It didn’t take long.
Officials at the Pennsylvania Health Department have filed a suit against the Montgomery County Register of Wills, D. Bruce Hanes, to force him to stop issuing marriage licenses to same-sex couples in defiance of Commonwealth law.
Pennsylvania law defines marriage as a civil contract between a man and a woman. Same-sex marriages, even if entered into legally elsewhere, are void in Pennsylvania.
Earlier in July, the U.S. Supreme Court struck down part of the Federal Defense of Marriage Act that barred the federal government from recognizing same-sex marriages legalized by states. If recognized by a state, it is now recognized by the federal government.
Perhaps emboldened by that, along with Pennsylvania Attorney General Kathleen Kanes’ refusal to defend the state in a federal lawsuit regarding same-sex marriage, Hanes has issued more than 35 same-sex marriage licenses over the past week or so. A few of the couples have since wed in the state.

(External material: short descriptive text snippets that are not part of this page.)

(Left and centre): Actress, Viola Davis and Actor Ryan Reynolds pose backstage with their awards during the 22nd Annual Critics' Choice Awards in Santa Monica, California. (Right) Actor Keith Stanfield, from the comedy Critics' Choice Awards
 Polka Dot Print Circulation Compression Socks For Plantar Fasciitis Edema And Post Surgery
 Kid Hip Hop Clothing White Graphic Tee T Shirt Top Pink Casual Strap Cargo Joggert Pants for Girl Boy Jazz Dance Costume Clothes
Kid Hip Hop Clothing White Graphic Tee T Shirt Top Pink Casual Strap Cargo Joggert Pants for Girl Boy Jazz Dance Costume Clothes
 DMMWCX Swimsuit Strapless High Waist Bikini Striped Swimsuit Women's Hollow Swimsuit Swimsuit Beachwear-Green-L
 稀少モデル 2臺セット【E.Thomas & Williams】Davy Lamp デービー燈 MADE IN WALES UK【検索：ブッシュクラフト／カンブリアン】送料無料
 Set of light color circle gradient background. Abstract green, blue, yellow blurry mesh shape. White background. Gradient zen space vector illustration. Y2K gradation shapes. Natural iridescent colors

Hanes’ way of challenging Pennsylvania’s law is to flout it. In doing so, he is issuing an official county document to people who, under Pennsylvania law, are not permitted to marry. And apparently he’s doing so with the consent of Montgomery County Solicitor Ray McGarry, who thinks the Commonwealth’s suit has serious flaws.
According to a recent story published in the Reading Eagle, polls show a majority of state residents favor gay marriage in Pennsylvania. But bills to legalize it have gone nowhere in recent years in the legislature. If the polls can be believed, then the battle should be in Harrisburg and the question should be, “Why hasn’t the legislature moved on the issue?” Pennsylvania is the only northeastern state without same-sex marriages or civil unions.
Maybe the polls are true; maybe not. For now we in the “key to the Keystone State” have to focus on how much taxpayer money will be spent defending the actions of the Montgomery County Register of Wills. We have the right to ask: If the Register of Wills in most counties in the Commonwealth feels the same way as Hanes, and most county solicitors feels the same way as McGarry, wouldn’t it be better if they all formed a coalition to change the law instead of resting the burden on Montgomery County taxpayers only? And because it’s the state versus a county official, Montgomery County taxpayers get to contribute tax dollars to both sides of the argument.
Sidestepping good old-fashioned legislative work to reach an agreement for the good of your constituents just for the sake of political grandstanding may be good for some, but it is a pain for those who foot the bill. Politicians should never forget that taxpayers vote and they’ve had enough.
State and county budgets continue to shrink when it comes to fixing roads, funding schools or service groups, and many other badly needed items. But there always seems to be enough to pay attorneys to fight court battles that could have been fought on the floors of the state capital or in voting booths throughout the Commonwealth.
As written here last week, don’t break the law; obey it or work to change it. Officials, on both sides of the issue, must stop exposing Pennsylvania taxpayers to more lawsuits that they can’t afford and maybe really don’t want.